Privacy, Governance, and Auditability
Learn Python AI Application Engineer - Part 031
Privacy, governance, and auditability for production AI applications: data classification, consent, retention, lineage, DPIA-style review, model/provider governance, audit trails, policy controls, and regulated workflow defensibility.
Part 031 — Privacy, Governance, and Auditability
1. Why This Part Matters
Security asks:
Can attackers or unauthorized users abuse the system?
Privacy asks:
Are we collecting, processing, storing, exposing, and deleting personal or sensitive data appropriately?
Governance asks:
Who decides what the AI system is allowed to do, how it is evaluated, and how risks are managed?
Auditability asks:
Can we reconstruct and defend what happened?
For production AI applications, especially enterprise and case-management systems, these are not optional.
A model-generated answer can affect:
- customer trust;
- internal decisions;
- compliance posture;
- regulatory defensibility;
- case outcomes;
- employee workflows;
- legal exposure;
- data-subject rights;
- institutional accountability.
The central invariant:
A production AI system must be able to explain not only what it answered, but what data, policy, permission, model, prompt, tool, and human approval path produced that answer.
This part turns privacy/governance/auditability into engineering architecture.
2. Target Skill
After this part, you should be able to:
- classify data used by AI systems;
- design privacy-aware prompt, retrieval, memory, and trace pipelines;
- minimize sensitive data exposure to models and tools;
- define retention and deletion behavior;
- track data lineage from source to answer;
- build audit records for RAG, tools, and agents;
- govern model/provider usage;
- govern prompts, tools, eval datasets, and indexes;
- design review workflows for high-risk AI changes;
- support incident review and regulatory defensibility.
3. Governance Mental Model
A governed AI system has controls across the lifecycle.
Governance should not be a PDF that nobody reads.
It should be embedded in:
- schemas;
- policy checks;
- CI/CD gates;
- tool registries;
- model gateways;
- audit logs;
- eval reports;
- approval workflows;
- dashboards;
- incident runbooks.
4. Kaufman Deconstruction
Break governance into trainable subskills.
Deliberate practice:
- pick an AI feature;
- map data flows;
- classify data;
- define retention;
- define audit events;
- define approval gate;
- simulate incident;
- check if audit trail is enough.
5. Data Inventory
Start with a data inventory.
AI apps often touch more data than expected.

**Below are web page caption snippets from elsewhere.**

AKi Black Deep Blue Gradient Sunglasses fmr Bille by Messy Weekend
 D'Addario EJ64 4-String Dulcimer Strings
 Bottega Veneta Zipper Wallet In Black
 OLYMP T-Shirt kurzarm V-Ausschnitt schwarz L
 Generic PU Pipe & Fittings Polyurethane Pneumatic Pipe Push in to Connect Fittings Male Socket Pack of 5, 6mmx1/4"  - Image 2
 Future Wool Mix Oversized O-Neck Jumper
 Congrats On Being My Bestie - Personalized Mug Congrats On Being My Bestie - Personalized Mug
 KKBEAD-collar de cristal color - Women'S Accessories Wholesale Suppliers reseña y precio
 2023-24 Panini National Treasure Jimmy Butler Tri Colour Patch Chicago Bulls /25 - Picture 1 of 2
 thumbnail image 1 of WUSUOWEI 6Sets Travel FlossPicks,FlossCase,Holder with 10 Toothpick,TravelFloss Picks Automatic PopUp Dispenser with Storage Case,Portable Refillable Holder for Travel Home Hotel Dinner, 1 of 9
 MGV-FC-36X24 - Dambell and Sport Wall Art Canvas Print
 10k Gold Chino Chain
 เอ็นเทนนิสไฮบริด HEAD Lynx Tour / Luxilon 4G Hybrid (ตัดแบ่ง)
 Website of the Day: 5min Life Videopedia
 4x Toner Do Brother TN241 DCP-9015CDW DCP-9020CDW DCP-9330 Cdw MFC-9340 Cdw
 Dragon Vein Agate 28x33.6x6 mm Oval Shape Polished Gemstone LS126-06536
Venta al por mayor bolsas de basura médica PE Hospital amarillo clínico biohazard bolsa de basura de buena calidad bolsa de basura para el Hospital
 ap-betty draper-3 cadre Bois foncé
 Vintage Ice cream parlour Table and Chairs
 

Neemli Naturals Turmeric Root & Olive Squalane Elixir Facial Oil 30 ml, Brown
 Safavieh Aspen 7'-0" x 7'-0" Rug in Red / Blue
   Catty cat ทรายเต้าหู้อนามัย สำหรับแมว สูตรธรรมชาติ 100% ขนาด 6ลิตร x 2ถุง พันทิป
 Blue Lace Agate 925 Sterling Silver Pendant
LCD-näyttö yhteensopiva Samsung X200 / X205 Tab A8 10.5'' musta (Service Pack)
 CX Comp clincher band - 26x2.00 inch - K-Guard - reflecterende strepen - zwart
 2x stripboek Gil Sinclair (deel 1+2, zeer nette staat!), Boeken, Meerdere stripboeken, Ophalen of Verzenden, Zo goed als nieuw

| Data Category | Examples |
|---|---|
| User input | chat messages, uploaded files |
| Conversation state | prior turns, clarifications |
| Source documents | policies, manuals, evidence |
| Retrieved chunks | passages entering prompt |
| Tool inputs | case IDs, filters, action payloads |
| Tool outputs | case facts, search results |
| Model inputs | rendered prompts, schemas |
| Model outputs | answers, JSON, tool proposals |
| Memory | preferences, summaries, durable facts |
| Traces | prompt hashes, evidence IDs, tool records |
| Eval datasets | examples, outputs, labels |
| Audit events | source/citation/action records |
| Embeddings | vector representations of text |
Important:
Derived data can still be sensitive.
Embeddings, summaries, traces, and eval examples may contain or reveal sensitive information.
6. Data Classification
Define classification levels.
Example:
| Classification | Description | Example |
|---|---|---|
| Public | safe for public disclosure | public docs |
| Internal | internal business info | internal FAQ |
| Confidential | restricted business/user info | case summaries |
| Restricted | highly sensitive/regulatory/legal | evidence, sanctions, legal advice |
Classification should flow through:
- source records;
- chunks;
- embeddings;
- retrieval filters;
- tool outputs;
- prompt context;
- traces;
- caches;
- eval datasets;
- memory.
from typing import Literal
from pydantic import BaseModel
Classification = Literal["public", "internal", "confidential", "restricted"]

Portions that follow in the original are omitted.